• Hi All

    Please note that at the Chandoo.org Forums there is Zero Tolerance to Spam

    Post Spam and you Will Be Deleted as a User

    Hui...

  • When starting a new post, to receive a quicker and more targeted answer, Please include a sample file in the initial post.

How to extract values from Text

BSM

New Member
Hi,

I have an excel report containing source code of our FAQs. It has lot of "href" references which point to different URLs. I want to extract the URL against each FAQ and validate it. The result can appear on next column against each FAQ

Would appreciate the help. This can save a lot of my time currently as I manually extract href URLs for each FAQ and validate them

Thanks,
 
Hi ,

Extracting the URL can be done by using formulae , but validating each URL will need VBA.

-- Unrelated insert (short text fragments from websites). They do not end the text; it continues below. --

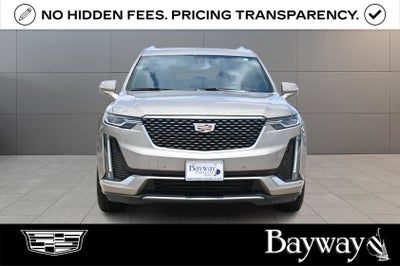 2022 Cadillac XT6 Luxury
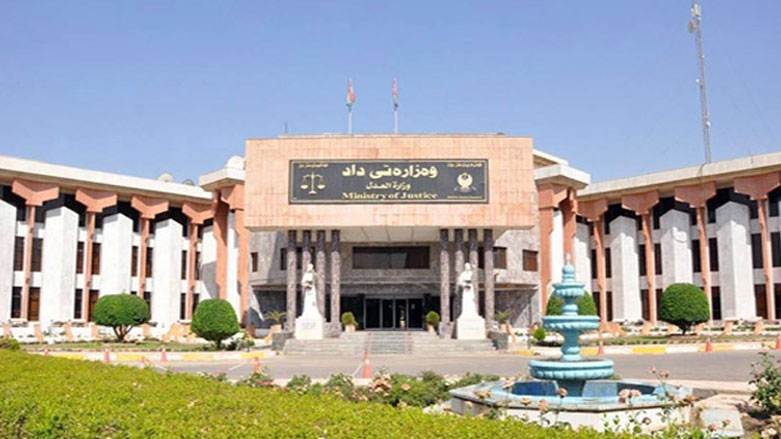 شکایت وزیر داد اقلیم کردستان از رئیس پارلمان عراق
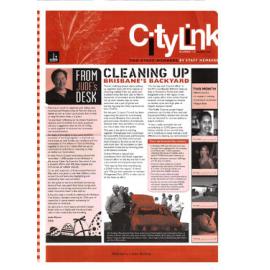 CityLink - Issue 118 - March 2005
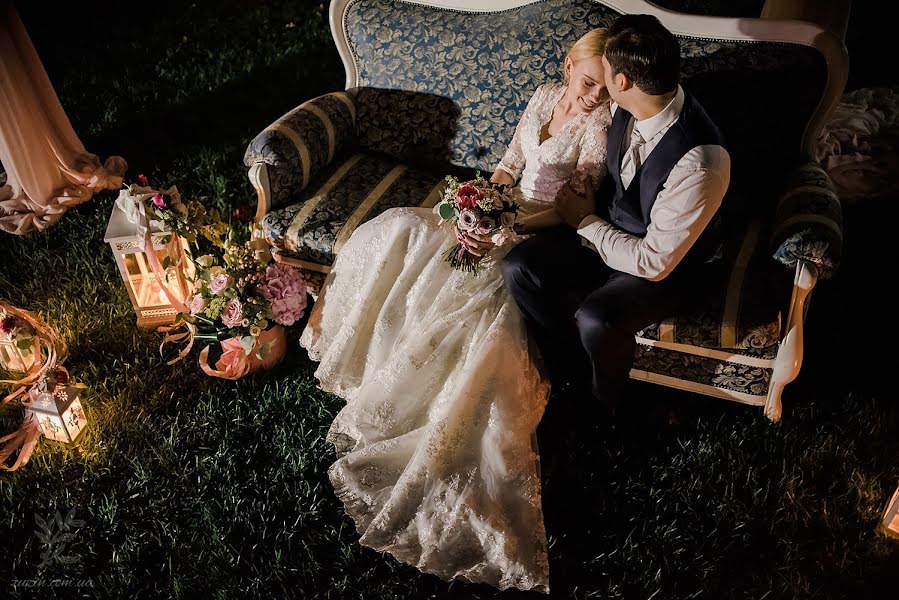 Hochzeitsfotograf Dmitriy Zyuzin (zuzinphotography). Foto vom 7. Januar 2017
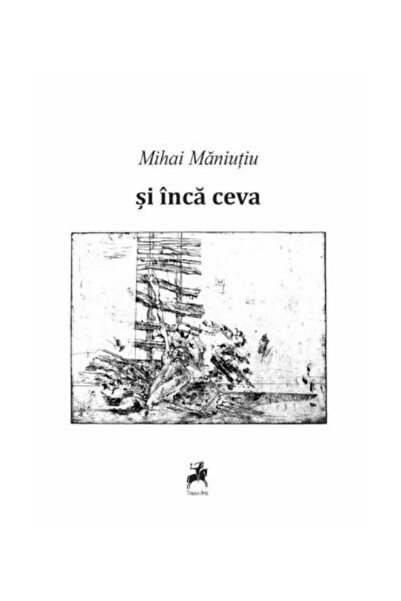 Editura Tracus Arte Si inca ceva, Mihai Maniutiu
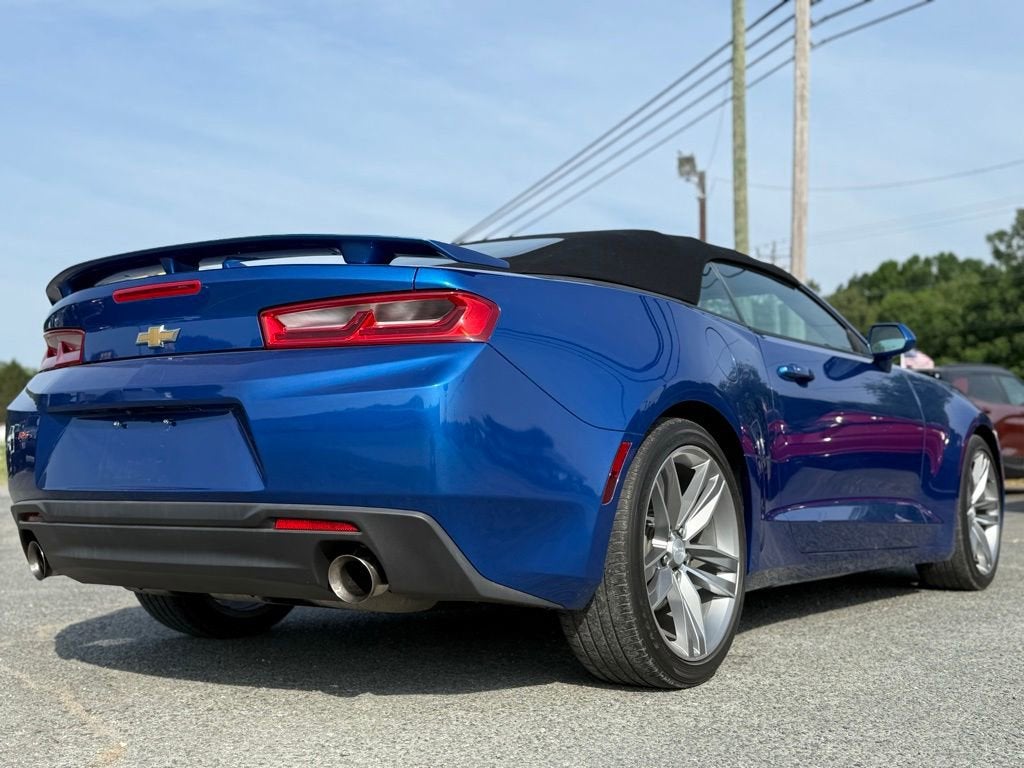 2017 Chevrolet Camaro 1LT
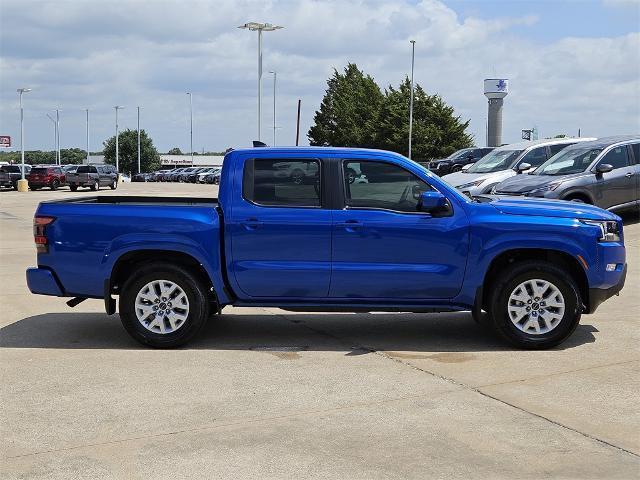 new 2024 Nissan Frontier car, priced at $37,269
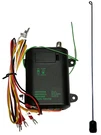 Heddolf P294-1KB 318MHZ Dip Switch Receiver Allstar Allister 9931MT W/ Antenna. Fixed Price $36.95.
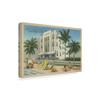 Trademark Fine Art Miami Beach Ii by Unknown, 12x19-Inch view 2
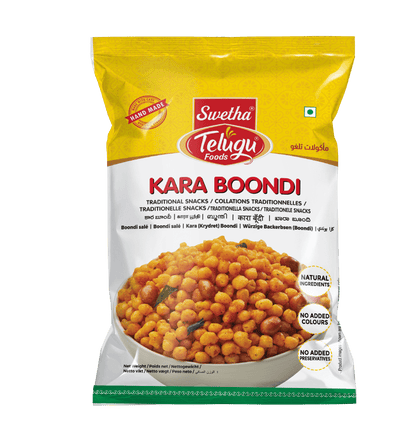 Telugu Karam Boondi 170g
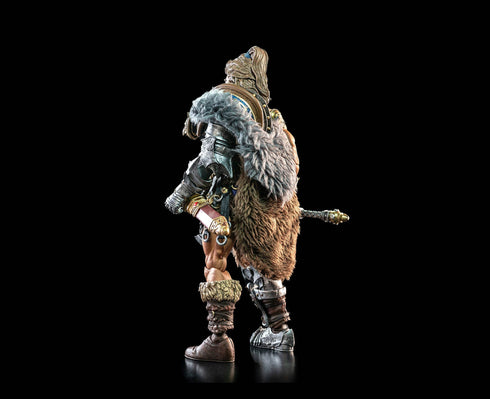 Four Horsemen Studios Mythic Legions: Rising Sons Attlus the Conqueror Ver. 2 Action Figure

Either way , the first thing to be done is to have the data ; please upload your file.

Narayan
 
  • Like
Reactions: BSM
Hi BSM,

Welcome to Chandoo.org forum.

A sample file would help readers to understand your data structure and your requirement. SO kindly, upload a sample file.

Regards,
 
  • Like
Reactions: BSM
Thanks Somendra and Narayan.Appreciate your quick response. I have attached the sample file. The URLs marked in red color are invalid whereas the one in blue are valid
 

Attachments

  • abcd.xlsx
    16.9 KB · Views: 10
Hi, BSM!

As a new user you might want to (I'd say should and must) read this:
http://chandoo.org/forum/forums/new-users-please-start-here.14/

And regarding your issue, at column B you have content extracted from the HTML code of some web page, and you've colored some in red and cyan, at least. Now the questions are:
a) What did you tried to mean with "validate"?
b) How would you identify which of the multiple URL at each cell should be validated?

Regards!
 
Hi SirJB7,

The sample html code is part of web FAQ that our team built from time to time.Here is the use case. The KM team keep adding/updating content in FAQ. Currently there is no way to validate these URLs as there are possibility that a URL which an old FAQ was referencing earlier is no longer valid and needs to be identified and corrected.

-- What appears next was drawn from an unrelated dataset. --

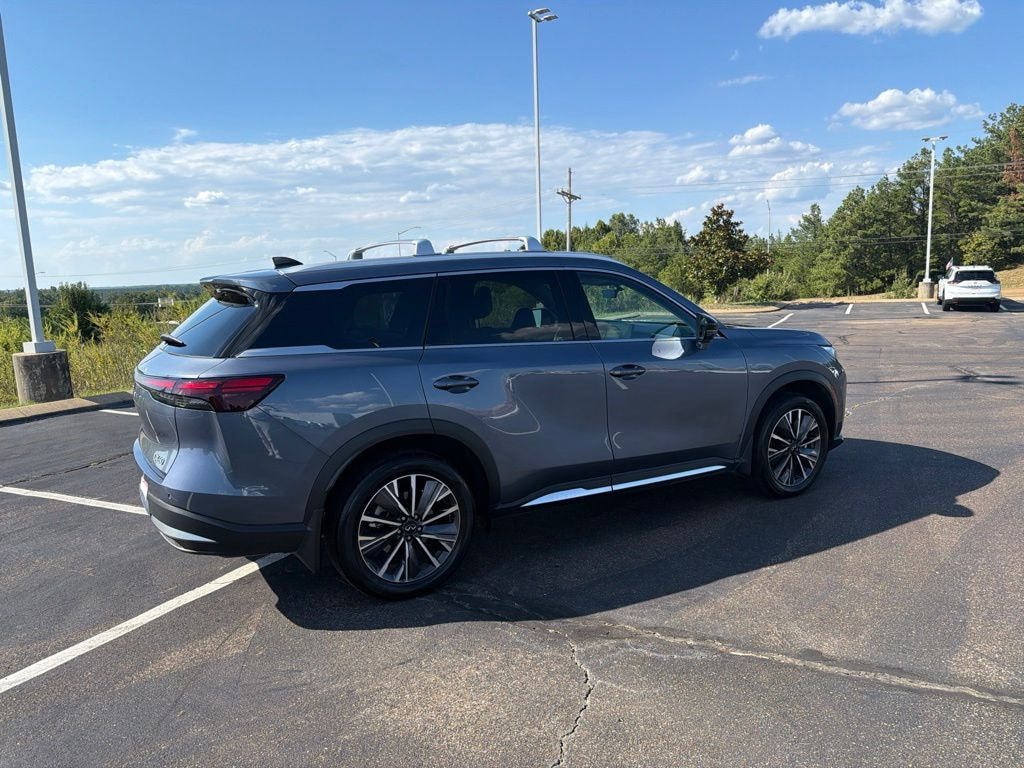 Used 2026 INFINITI QX60 LUXE SUV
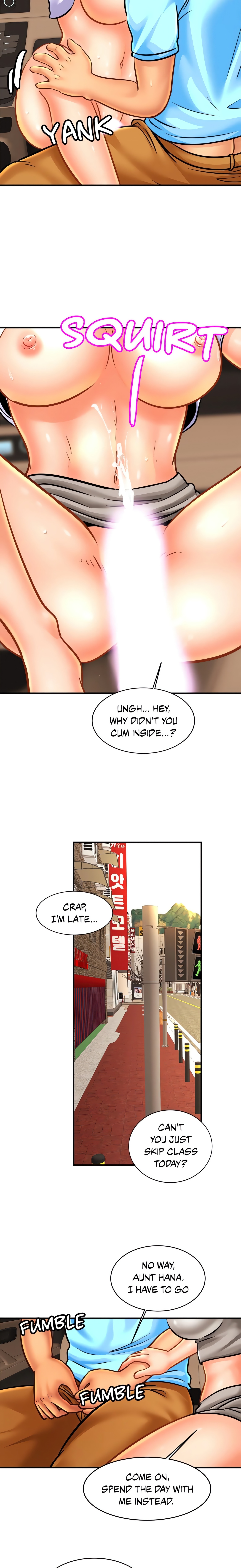 Close Family (Official) chapter 55 page 18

I have access to FAQ source code and can pull them into excel through a simple SQL query. As of now this is (validation of each URL in a FAQ) is done manually and am seeking your expert help to make the task easier using excel power.

a) By Validate I mean that the extracted URL should be valid and not throw "page not found" or any other error. user NARAYANK991 first reply mentioned about using VBA approach and he asked me for the sample xls

b) All the URLs extracted from step (a) above needs to be validated and listed alongwith validation result

Rgds,
BSM
 
Hi, BSM!

Not only they're all invalid but they can't be all validated, since the 1st one does actually raise a 404 error but the other two handle that error and perform a redirection. So I think you could only aspire to extract the existing URLs and not much more.

Regards!
 
Hi SirJB7,

I got your point.

In that case can we exclude the redirect's case and only flag the one where HTTP response codes are of 400 or 404 types? Extract URL and this would suffice.

Iam interested to see how it can be done in excel.

Thanks,
 
Hi, BSM!

From VBA it'll be very difficult -if possible, which I doubt- to perform such validations, you'll have to get involved with PHP or Java or some other languages to do that. IMHO far beyond the scope of these forums.

Regards!
 
Hi ,

Two points :

1. See if the code at the following link helps in the first part :

http://www.mrexcel.com/forum/excel-questions/632198-check-if-url-valid.html

An explanation of this technique is available here :

http://www.jpsoftwaretech.com/vba/validate-url/

2. Regarding the second part , it should be possible , since both pages are returning the text :

We are sorry , the page you requested could not be found

in the title ; searching for this text or at least the relevant parts of this text in the title of the returned page does not require Java or PHP.

Narayan
 
Thanks Narayan and SirJB7. I will wait for your inputs and in the meantime will also check the links
 
Narayan,

I tested the code provided by Leith in http://www.mrexcel.com/ forum and found that it was even giving "invalid URL" error even for a valid link. I have updated the forum post with my comments

Now if you guys can help me to clear the 1st step i.e. extract multiple URLs for a row, I can apply the Leith VBA code

Thanks.
 
Hi ,

That seems surprising , since the return code it is checking for , 200 , will normally not be returned for a valid URL.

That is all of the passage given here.